LONDON (Reuters) - FTSE 100 index hit a further record high on Tuesday, extending an end-of-year rally into 2017, with financials and commodities-related stocks leading the market upwards.
The FTSE 100 .FTSE ended 0.5 percent higher at 7,177.89 points as the London Stock Exchange reopened after a long weekend. It set a record high of 7,205.45, rising above the peak reached at the end of 2016 after a 5.3 percent rally in December, its strongest monthly performance since July 2013.
The index ended 14.4 percent higher in 2016, outperforming major European bourses, as a weakening in sterling after Britain voted to leave the European Union helped support British stocks, especially those with international exposure in dollars.
The start of the year paints a stark contrast to the beginning of 2016, when concerns over Chinese growth roiled equities globally.
“Given a year ago (when) investors came back from the Christmas break to see markets plummet, it is no doubt a big relief that this year has started more positively. The PMI numbers are surprisingly strong,” said Adrian Lowcock, investment director at Architas.

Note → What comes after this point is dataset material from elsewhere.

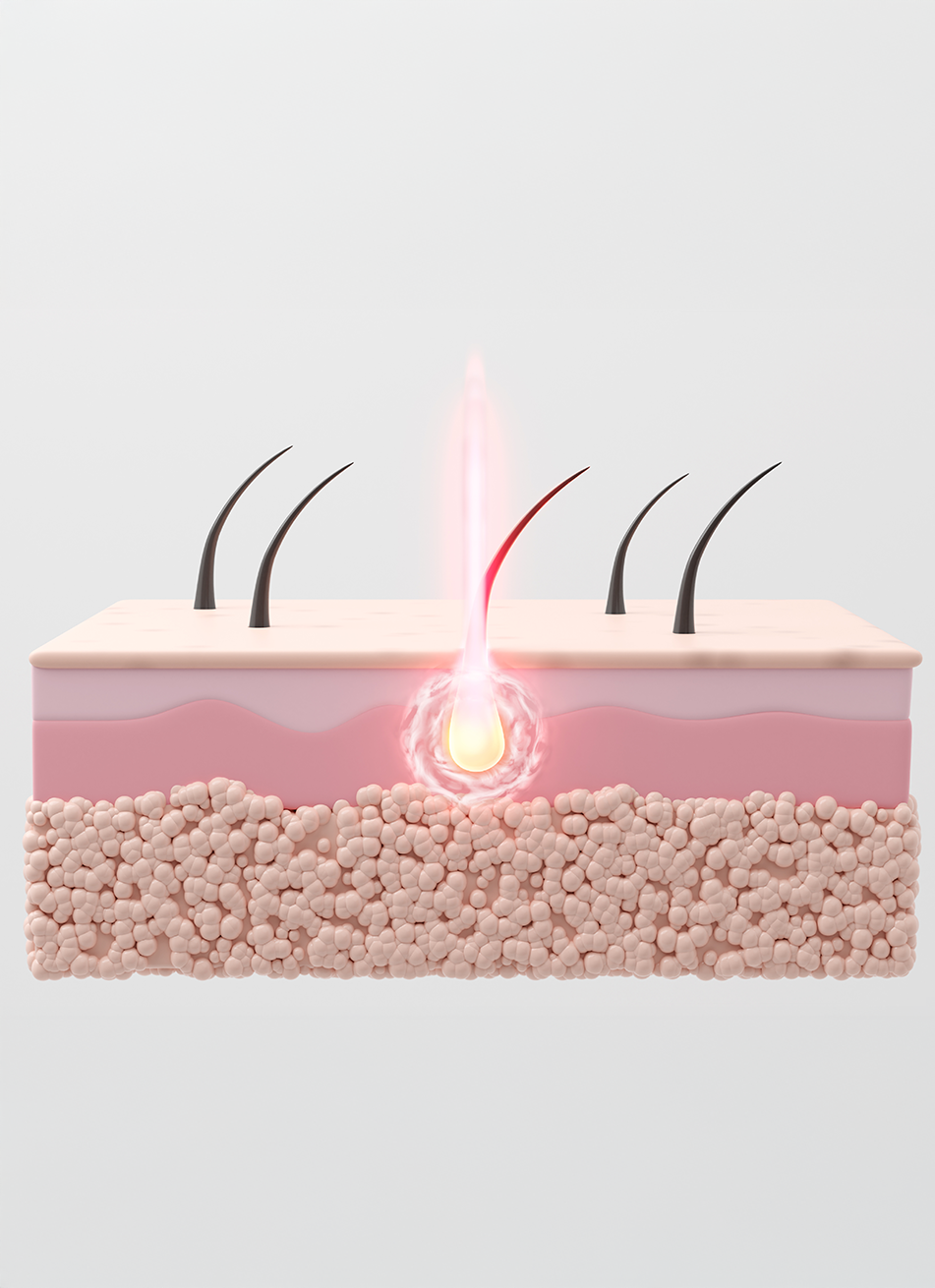 Permanent Hair Removal For Stubborn Hair Permanent Hair Removal For Stubborn Hair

Other growth-sensitive sectors, such as banks, were also among top gainers, as strong PMI readings in Britain, China and the United States suggested the global economy was in good shape heading into 2017.

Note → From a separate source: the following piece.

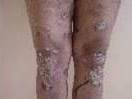 before - Birmingham Cosmetic Dermatologist - Medical Spa | Cahaba Dermatology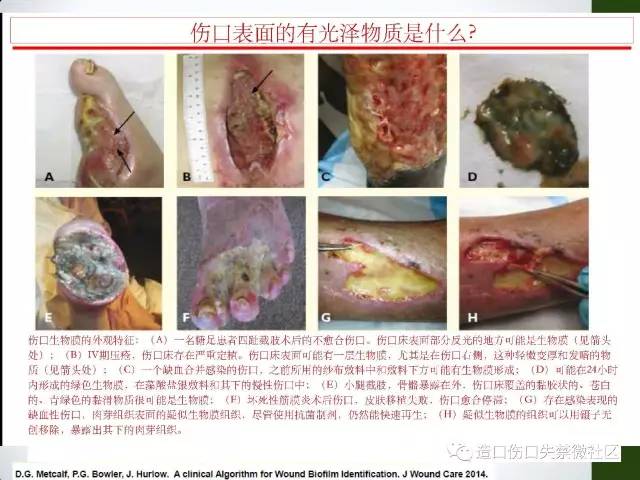 你只知道压疮,那关于"腐肉"呢?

UK banks .FTNMX8350, up 2.2 percent, were also helped by news saying global banking regulators postponed the approval of long-awaited rules designed to avert a repeat of the financial crisis after failing to agree on the minimum amount of capital banks must hold.
The development meant that the implementation of a tough regulatory environment was pushed back, cheering some investors. Barclays BARC.L, Lloyds LLOY.L and Standard Chartered STAN.L were up 2.1 to 3.8 percent.
InterContinental Hotels IHG.L rose 1.3 percent after an upgrade to "overweight" from "equal-weight" from Barclays, lifting the stock to an all-time high.
Top faller was retailer Next NXT.L, which suffered from a downgrade by Deutsche Bank to "hold" from "buy". It closed 4.3 percent lower after tumbling by more than 30 percent in 2016. Deutsche Bank analysts said that even with this slump, the stock did not look especially cheap.
“The sector has already de-rated, mainly on the changed demand and currency outlook due to Brexit, and valuations are typically at historical average levels – cheap but in some cases not cheap enough,” they said in a note.